The weight matrix of the AAHP will be adjusted based on previous decision outcomes to prevent the repeated selection of a single MEC server. However, the AAHP algorithm employs a single-layer decision strategy, which may limit its ability to adaptively modify the weight matrix due to its small amplitude. In contrast, the WVAHP utilizes a two-layer decision-making approach, effectively addressing the shortcomings of the AAHP. This section compares the WVAHP and AAHP algorithms under identical conditions as evaluation criteria and calculates the standard deviation of task allocation across all MEC servers. Given that all MEC servers share the same service resource capacity constraints, a smaller allocation standard deviation indicates a more balanced load among the MEC servers and a more effective resource allocation.

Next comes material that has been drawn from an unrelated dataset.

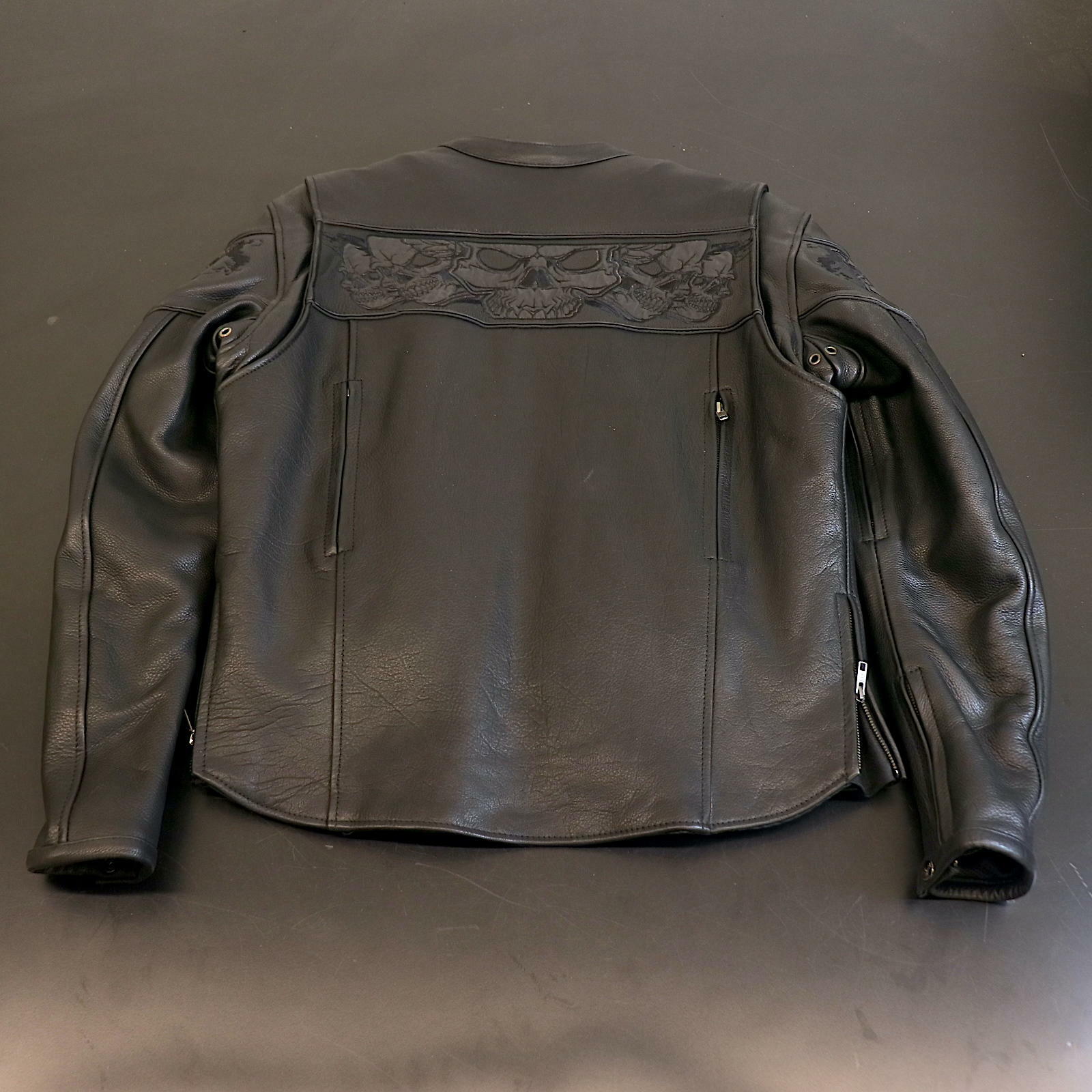 OPEN BOX -Milwaukee Leather Crossover BLACK Leather Motorcycle Jacket MENS SMALL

Here, we perform the simulation of 50 times in the same scenario to observe the selection counts of the servers. Every 10 simulations were grouped together to calculate the standard deviation of the server selections. During these simulations, we varied the number of tasks from 20 to 50 (denoted as num = 20,…,50), with every task randomly generated by a server. The primary objective of the WVAHP is to balance resource allocation for task migration, with a preference for server selection counts that closely match those of others.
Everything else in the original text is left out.